The famous French player of the 18th century gave the idea to a famous English manufacturer to create a game at his label to ride the wave of his great notoriety, as it had been the case for Staunton. But this 19th century creation was a commercial flop and very few of these sets are known of.
François-André Danican Philidor (1726-95) was a musician, composer, and chess player, was loved by the English for his chess and by the French for his music. He first visited London in 1747 and impressed everyone with his chess ability, beating easily the leading English players. He also visited Berlin and Potsdam, were he gave a display of blindfold chess in the presence of Prussia’s King, Frederick the Great, known to be a chess enthusiast. Over many years Philidor successfully composed comic opera for the Parisian Opéra Comique. He also composed for the grand opera and ballet. His ‘Ernelinda, Princess of Norway’ so delighted Kind Louis XV that he awarded Philidor a pension from the king’s privy purse of 25 Louis d’or.
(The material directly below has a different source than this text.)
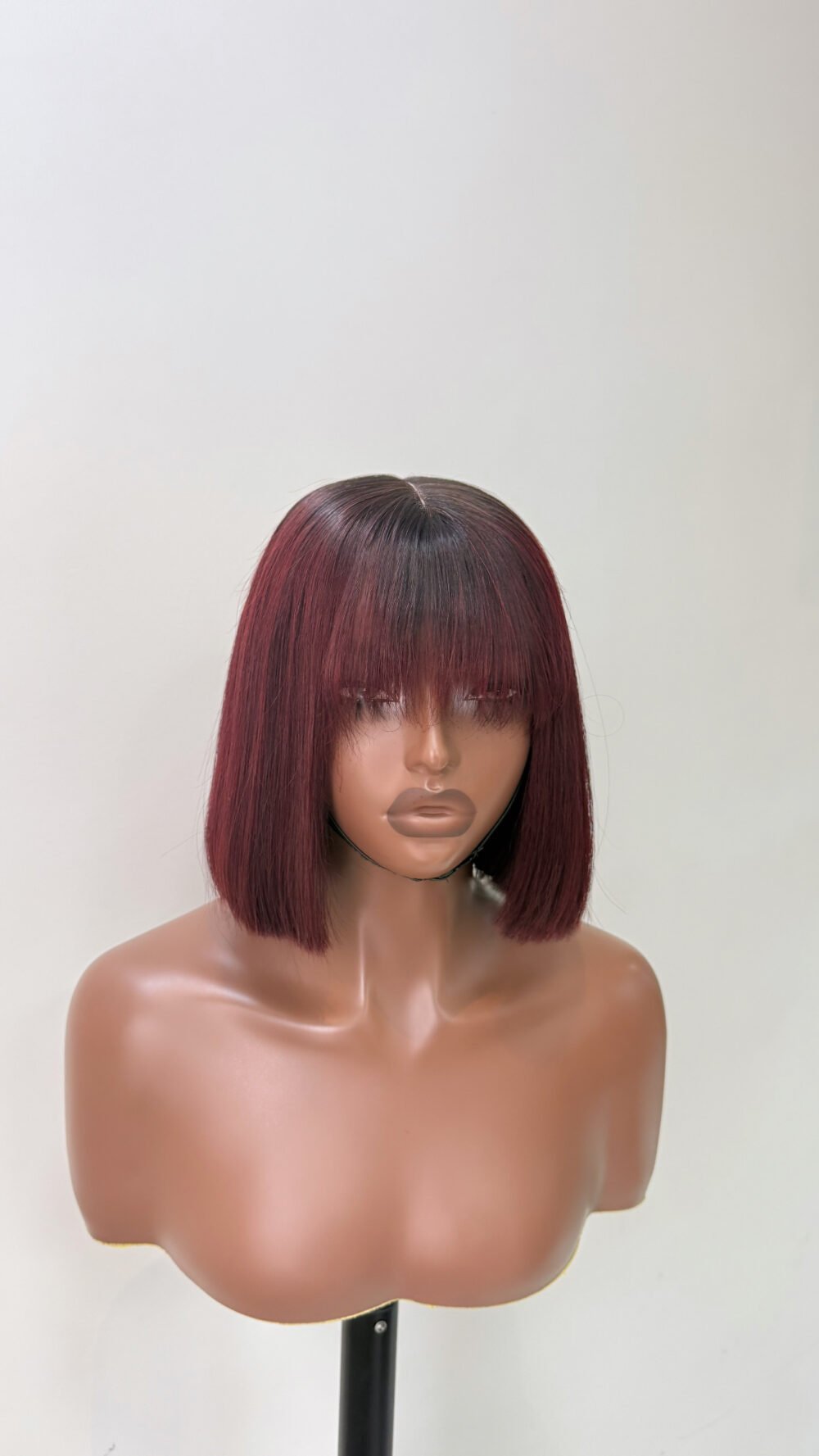 8" Burgundy fringe wig - Image 4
For about twenty years, Philidor was invited to be the resident’s chess master at Parsloe’s, an exclusive gentlemen’s club formed in 1774, where, between the months of February and May, he would leave his family in Paris to attend Parsloe’s in London. (source: Williams G., (2000) “Master Pieces”).
F-A. D. Philidor is seen by many to be the first author to have laid out the principles of the game in an intelligible manner. In his L’Analyse du Jeu des Echecs (1748), he stressed that “Pawns: they are the soul of this game, they alone form the attack and defense”.